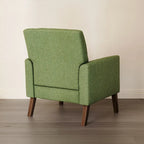 LUE BONA Linen and Walnut Legs Mid Century Modern Button Tufted Accent Chair - 29.53 H X 30 W X 33.07 D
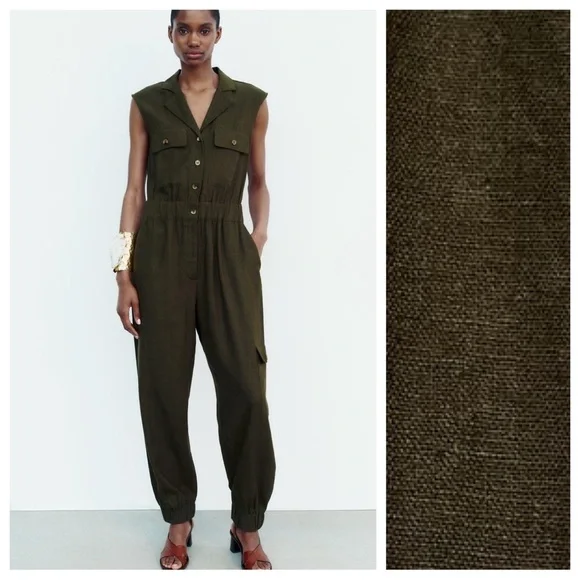 NWT. Zara Dark Khaki Linen Blend Sleeveless Jumpsuit. Size M.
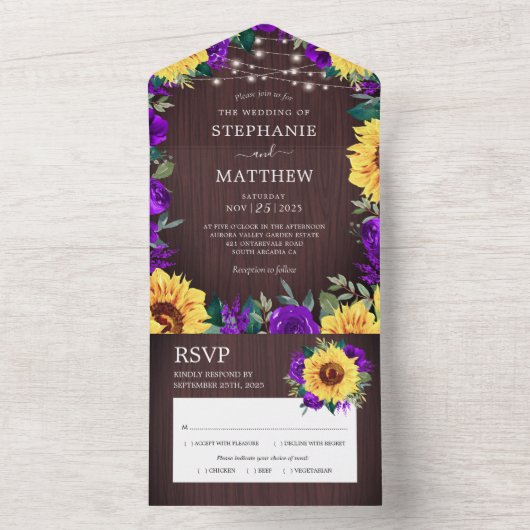 Invitation Tout En Un Tournesol Rustique violet Roses Mariage (À l'intérieur)
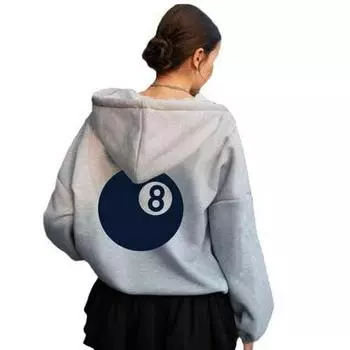 Худи с длинным рукавом и принтом снукера номер 8 Large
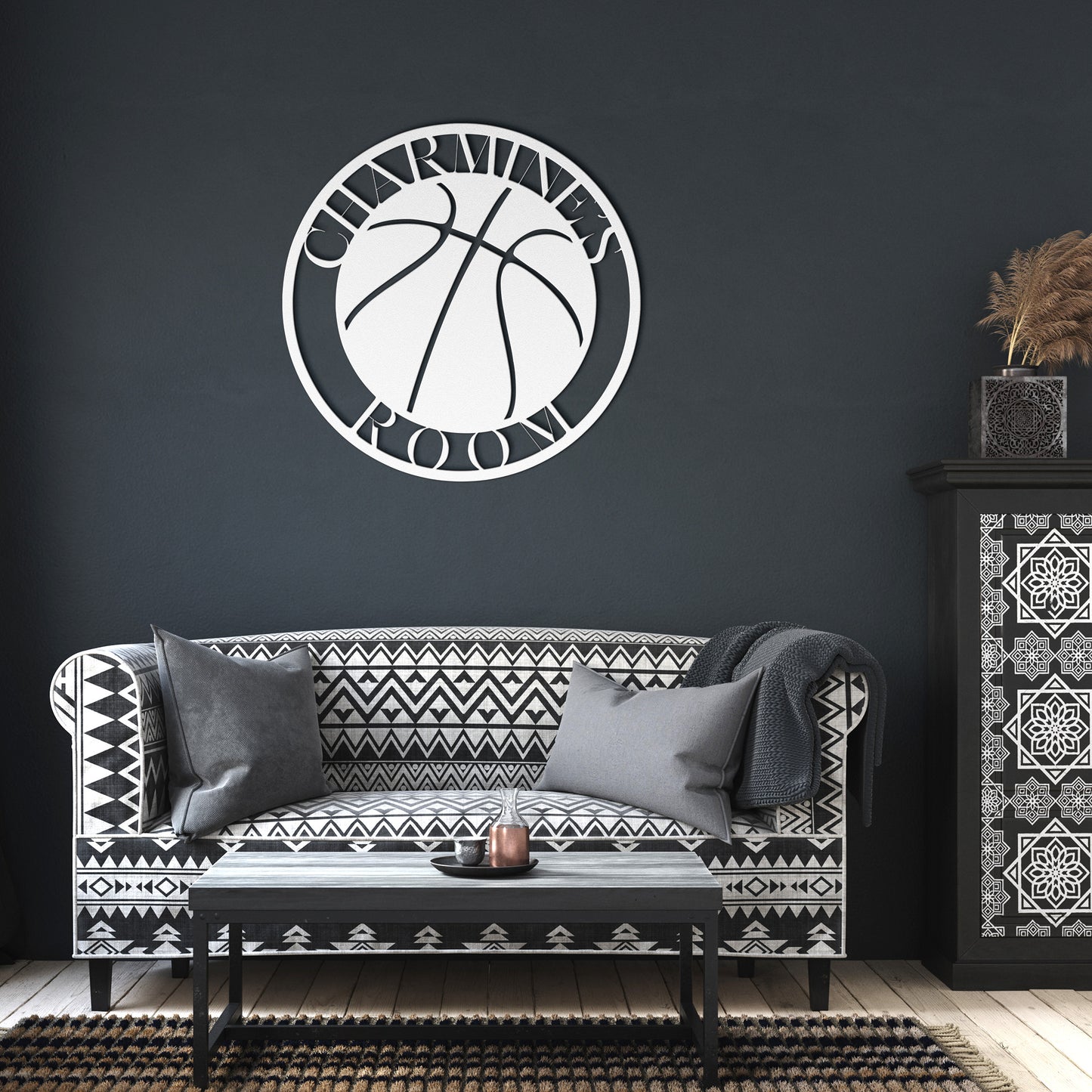 The Basketball | Personalized Basketball Metal Wall Art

* _Task requirements_
Should a record include a picture, omit it from your copy and return the rest unchanged.

* _Result of this exercise_
 LUE BONA Linen and Walnut Legs Mid Century Modern Button Tufted Accent Chair - 29.53 H X 30 W X 33.07 D
 NWT. Zara Dark Khaki Linen Blend Sleeveless Jumpsuit. Size M.
 Invitation Tout En Un Tournesol Rustique violet Roses Mariage (À l'intérieur)
 Худи с длинным рукавом и принтом снукера номер 8 Large
 The Basketball | Personalized Basketball Metal Wall Art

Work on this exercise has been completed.